### TASK
Word for word, set down the lines from the one that holds "Freightliner Cascadia 126" through the final line of the listing below, and exclude every picture.

### DATA PROVIDED
━━━━

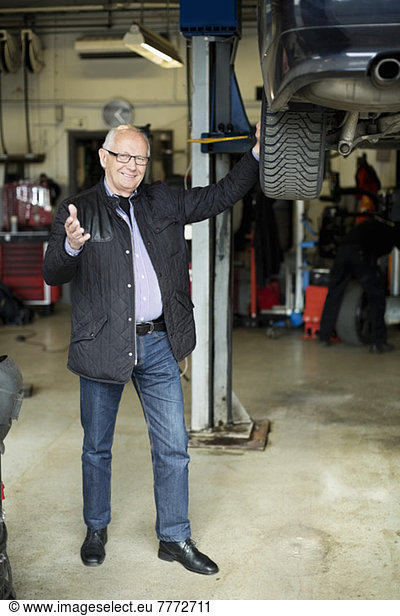 Portrait of happy senior man gesturing while standing by car jack in auto repair shop
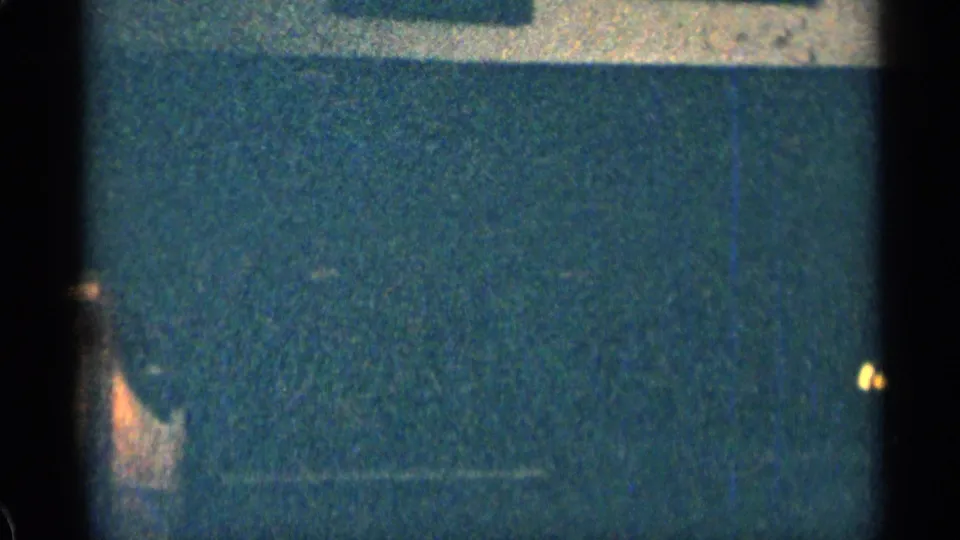 Dark interior-looking frame from the 1963 8mm clip, with bluish wall tones, heavy grain, scratches, and partial edge detail.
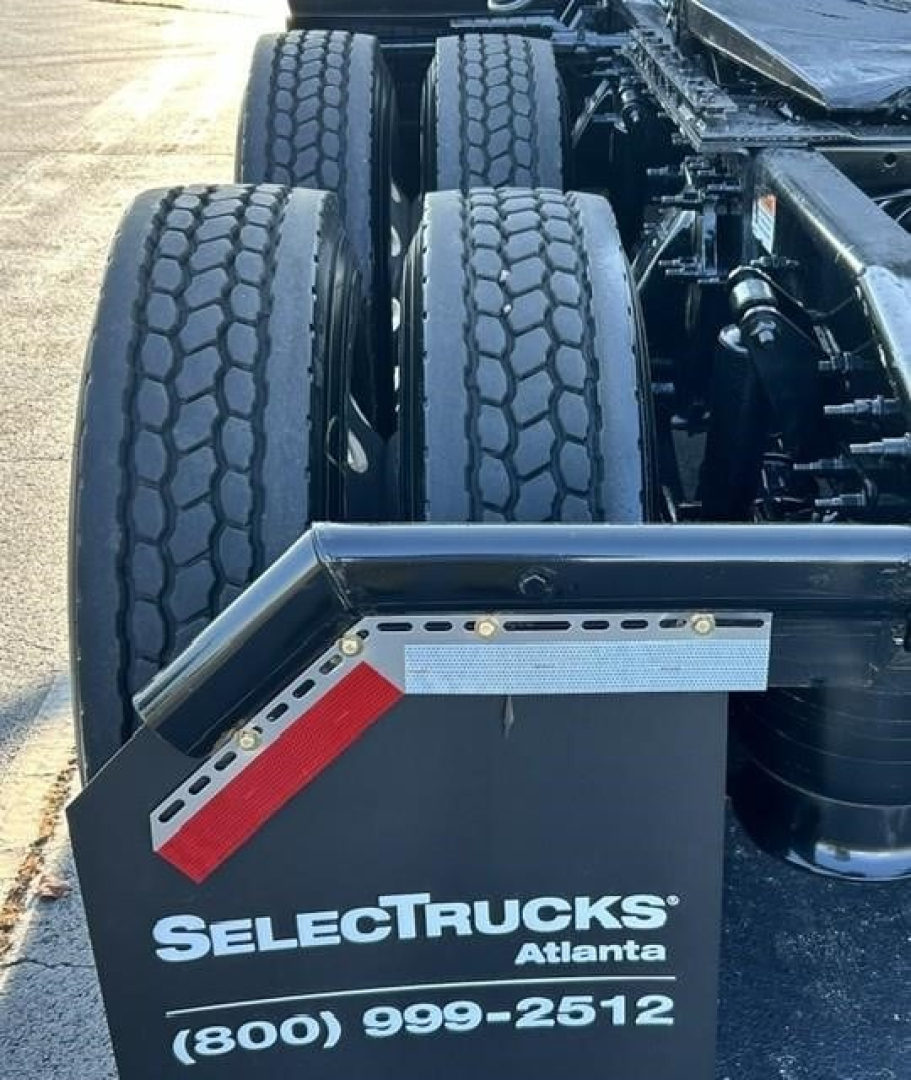 Freightliner Cascadia 126 tractor rear with dual rear axles and fifth wheel; SelectTrucks Atlanta plate with phone number.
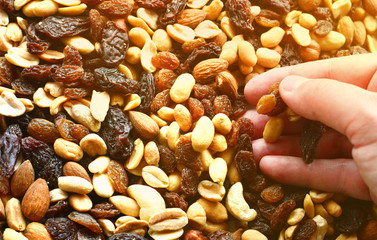 Background with a cashew, hazelnuts, raisins and peanuts. Assorted nuts and raisins with a place...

━━━━

### SOLUTION
 Freightliner Cascadia 126 tractor rear with dual rear axles and fifth wheel; SelectTrucks Atlanta plate with phone number.
 Background with a cashew, hazelnuts, raisins and peanuts. Assorted nuts and raisins with a place...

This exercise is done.